Dance and Music : Falletta Conducts Liszt Rarities in Long Beach
On paper, the latest program put together by music director JoAnn Falletta for her Long Beach Symphony seemed like a collection of bits and pieces: short, sectionalized and/or fragmented works lined up like pint-sized milk bottles trying to make a gallon.
In the event, Saturday night in Terrace Theater at the Long Beach Convention Center, all those fragments seemed to create a totality not unpleasant on the ear.

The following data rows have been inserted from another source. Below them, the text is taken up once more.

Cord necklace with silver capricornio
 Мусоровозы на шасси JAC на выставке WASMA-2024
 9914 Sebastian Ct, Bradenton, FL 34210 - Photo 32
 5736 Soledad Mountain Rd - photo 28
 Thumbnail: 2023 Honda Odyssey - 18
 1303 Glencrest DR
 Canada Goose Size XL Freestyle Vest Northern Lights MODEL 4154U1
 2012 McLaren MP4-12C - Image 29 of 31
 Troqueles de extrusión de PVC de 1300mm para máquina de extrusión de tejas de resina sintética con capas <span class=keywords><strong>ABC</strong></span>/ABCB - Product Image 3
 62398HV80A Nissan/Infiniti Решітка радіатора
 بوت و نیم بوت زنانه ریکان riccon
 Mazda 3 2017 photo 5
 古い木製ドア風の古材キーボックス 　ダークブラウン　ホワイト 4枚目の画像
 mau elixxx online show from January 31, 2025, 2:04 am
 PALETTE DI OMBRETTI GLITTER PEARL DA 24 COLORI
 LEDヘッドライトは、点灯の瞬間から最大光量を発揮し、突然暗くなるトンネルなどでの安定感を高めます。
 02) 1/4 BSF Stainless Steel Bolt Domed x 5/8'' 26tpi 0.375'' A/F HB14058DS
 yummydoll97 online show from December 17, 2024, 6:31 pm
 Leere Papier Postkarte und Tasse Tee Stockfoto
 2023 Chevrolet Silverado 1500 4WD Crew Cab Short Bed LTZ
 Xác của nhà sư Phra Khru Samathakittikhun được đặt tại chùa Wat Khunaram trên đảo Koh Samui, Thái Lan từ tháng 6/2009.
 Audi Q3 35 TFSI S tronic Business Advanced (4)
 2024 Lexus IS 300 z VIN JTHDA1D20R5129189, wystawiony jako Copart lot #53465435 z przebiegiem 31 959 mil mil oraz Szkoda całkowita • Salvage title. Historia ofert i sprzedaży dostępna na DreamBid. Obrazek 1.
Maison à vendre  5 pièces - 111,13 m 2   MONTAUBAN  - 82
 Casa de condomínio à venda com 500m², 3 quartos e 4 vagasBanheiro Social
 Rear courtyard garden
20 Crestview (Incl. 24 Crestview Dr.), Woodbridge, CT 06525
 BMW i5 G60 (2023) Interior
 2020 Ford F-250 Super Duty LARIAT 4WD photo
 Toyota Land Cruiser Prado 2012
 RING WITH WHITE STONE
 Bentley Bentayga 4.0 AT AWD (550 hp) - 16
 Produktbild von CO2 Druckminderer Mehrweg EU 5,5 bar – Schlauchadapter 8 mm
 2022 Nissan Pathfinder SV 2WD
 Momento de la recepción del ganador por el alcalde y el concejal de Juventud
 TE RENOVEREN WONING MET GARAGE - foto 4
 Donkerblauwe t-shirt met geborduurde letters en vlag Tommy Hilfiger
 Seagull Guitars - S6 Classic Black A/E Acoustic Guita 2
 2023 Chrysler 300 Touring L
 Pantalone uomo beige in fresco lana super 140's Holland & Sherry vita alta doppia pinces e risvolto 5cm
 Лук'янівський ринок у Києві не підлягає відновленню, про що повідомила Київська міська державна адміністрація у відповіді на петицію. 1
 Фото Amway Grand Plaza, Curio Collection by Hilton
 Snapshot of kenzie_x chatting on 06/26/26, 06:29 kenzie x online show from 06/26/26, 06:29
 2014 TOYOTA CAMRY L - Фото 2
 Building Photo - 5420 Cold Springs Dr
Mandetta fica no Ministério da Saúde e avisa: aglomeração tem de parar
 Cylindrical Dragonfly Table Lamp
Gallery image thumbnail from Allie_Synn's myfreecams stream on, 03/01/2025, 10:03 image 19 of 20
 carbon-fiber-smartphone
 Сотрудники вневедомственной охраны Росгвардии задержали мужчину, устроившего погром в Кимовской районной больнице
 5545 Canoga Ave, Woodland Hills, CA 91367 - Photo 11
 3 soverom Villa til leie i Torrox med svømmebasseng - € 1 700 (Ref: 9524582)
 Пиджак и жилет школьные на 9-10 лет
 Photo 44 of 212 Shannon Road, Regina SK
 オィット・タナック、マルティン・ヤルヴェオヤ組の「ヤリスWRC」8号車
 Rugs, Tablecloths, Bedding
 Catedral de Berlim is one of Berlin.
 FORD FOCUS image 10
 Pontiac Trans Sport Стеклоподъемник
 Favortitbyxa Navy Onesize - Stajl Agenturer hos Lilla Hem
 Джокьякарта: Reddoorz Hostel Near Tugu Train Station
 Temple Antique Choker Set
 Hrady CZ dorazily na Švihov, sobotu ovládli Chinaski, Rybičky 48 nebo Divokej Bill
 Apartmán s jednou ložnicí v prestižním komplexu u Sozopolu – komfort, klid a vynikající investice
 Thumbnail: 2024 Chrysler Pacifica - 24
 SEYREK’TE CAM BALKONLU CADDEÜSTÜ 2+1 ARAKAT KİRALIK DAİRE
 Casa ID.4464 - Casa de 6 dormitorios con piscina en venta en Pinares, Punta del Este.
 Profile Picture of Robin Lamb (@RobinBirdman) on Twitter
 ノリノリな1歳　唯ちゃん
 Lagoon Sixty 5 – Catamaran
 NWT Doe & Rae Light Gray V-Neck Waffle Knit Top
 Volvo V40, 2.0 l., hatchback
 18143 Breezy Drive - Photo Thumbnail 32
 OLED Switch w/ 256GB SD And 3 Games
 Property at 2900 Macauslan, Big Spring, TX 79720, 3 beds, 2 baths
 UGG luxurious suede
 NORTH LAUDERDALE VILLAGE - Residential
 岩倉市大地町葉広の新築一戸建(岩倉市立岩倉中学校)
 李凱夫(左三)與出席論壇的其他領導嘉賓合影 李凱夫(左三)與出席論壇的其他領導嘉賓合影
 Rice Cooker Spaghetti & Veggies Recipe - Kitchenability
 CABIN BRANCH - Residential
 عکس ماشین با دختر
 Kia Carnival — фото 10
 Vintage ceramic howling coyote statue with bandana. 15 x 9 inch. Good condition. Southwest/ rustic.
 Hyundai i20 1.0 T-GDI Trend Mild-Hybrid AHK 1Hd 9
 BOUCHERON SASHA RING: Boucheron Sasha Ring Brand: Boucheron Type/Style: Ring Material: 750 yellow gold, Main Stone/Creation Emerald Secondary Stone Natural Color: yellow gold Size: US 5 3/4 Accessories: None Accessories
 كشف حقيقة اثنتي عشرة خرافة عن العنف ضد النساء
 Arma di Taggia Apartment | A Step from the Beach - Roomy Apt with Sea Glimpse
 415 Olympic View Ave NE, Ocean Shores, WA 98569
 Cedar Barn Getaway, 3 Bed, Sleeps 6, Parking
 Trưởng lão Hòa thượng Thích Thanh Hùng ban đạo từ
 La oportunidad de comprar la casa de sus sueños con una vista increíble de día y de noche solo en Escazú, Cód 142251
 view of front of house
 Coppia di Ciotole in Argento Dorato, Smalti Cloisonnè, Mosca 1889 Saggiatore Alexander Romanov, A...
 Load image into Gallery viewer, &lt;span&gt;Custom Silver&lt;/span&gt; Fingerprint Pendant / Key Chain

And the closing work, Elgar’s “Enigma” Variations, swept the entire event together.
The first Los Angeles-area performance of Franz Liszt’s recently exhumed Piano Concerto in E-flat, Opus posthumous--first heard in Chicago in the spring of 1990, it reached Santa Barbara soon after--had the advocacy of Canadian pianist Janina Fialkowska, a musician of taste, refinement and orderly technique, but an uncompelling keyboard presence.
Fialkowska performed efficiently and with an ear for Lisztian sonorities, but failed to demonstrate why this long-lost, irritatingly short-breathed work should ever enter the repertory. If it has charms, Fialkowska did not illuminate them.
Her subsequent playing of the same composer’s “Totentanz” put both composer and soloist in a better light. Perhaps it’s a better piece. Falletta and the game Long Beach ensemble accompanied handsomely and alertly.
The evening began with a strong run-through of original ballet music from the 1940s, “Medea’s Meditation and Dance of Vengeance” by Samuel Barber.
It ended with a usually well-paced--Falletta sometimes likes to race--emotionally resonant, in moments unfocused reading of Elgar’s wondrous “Enigma” Variations. Tempo controversies aside, the conductor made the journey from start to finish eminently sensible.